Write the listing below out again word for word, without a single picture.

## Exercise data
--- --- ---

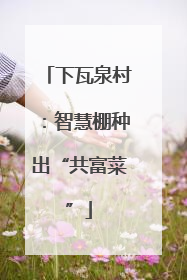 下瓦泉村：智慧棚种出“共富菜”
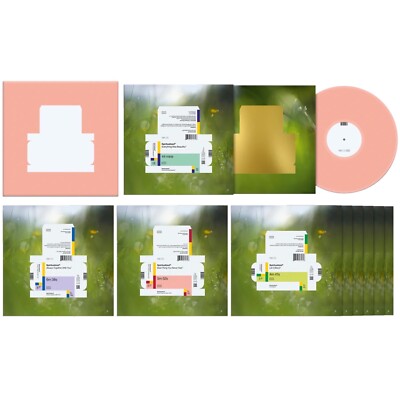 Spiritualized - Everything Was Beautiful LP Deluxe Edition Box Set LIMITED ED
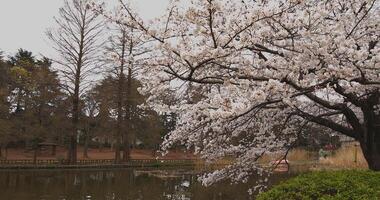 Cherry blossom at the park daytime cloudy wide shot video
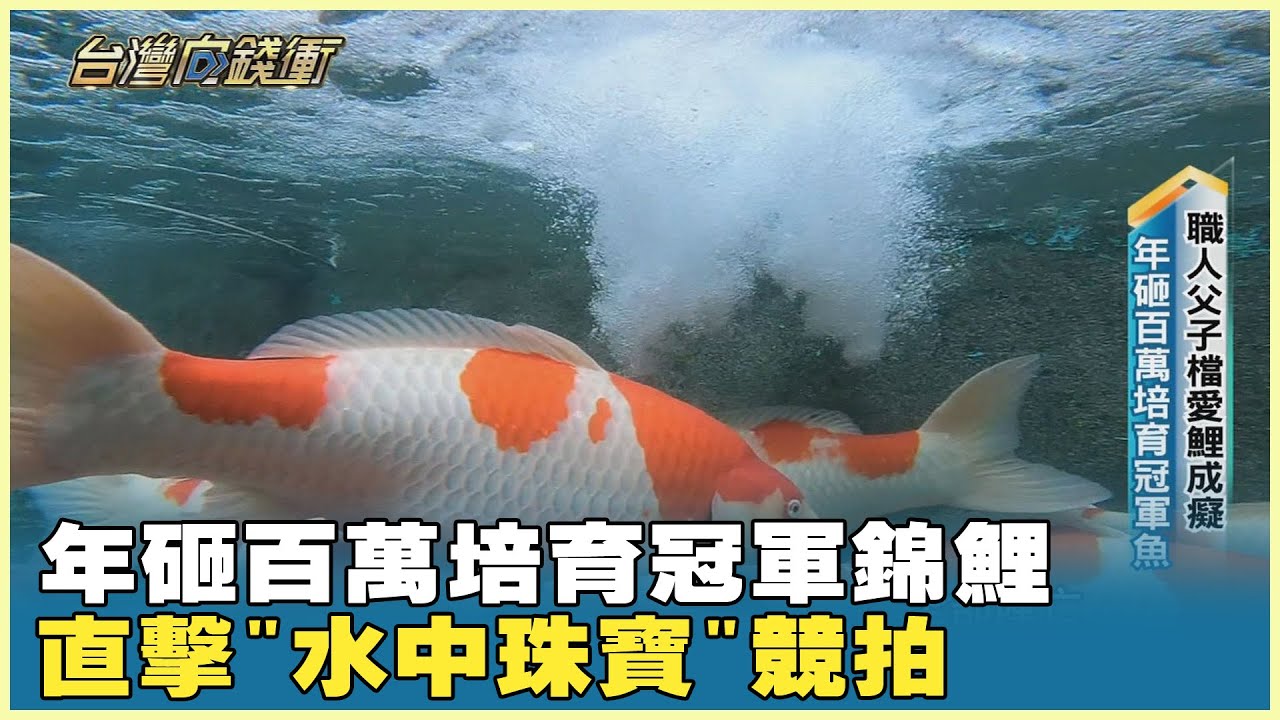 年砸百萬培育冠軍錦鯉 直擊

--- --- ---

## Answer to this task
 下瓦泉村：智慧棚种出“共富菜”
 Spiritualized - Everything Was Beautiful LP Deluxe Edition Box Set LIMITED ED
 Cherry blossom at the park daytime cloudy wide shot video
 年砸百萬培育冠軍錦鯉 直擊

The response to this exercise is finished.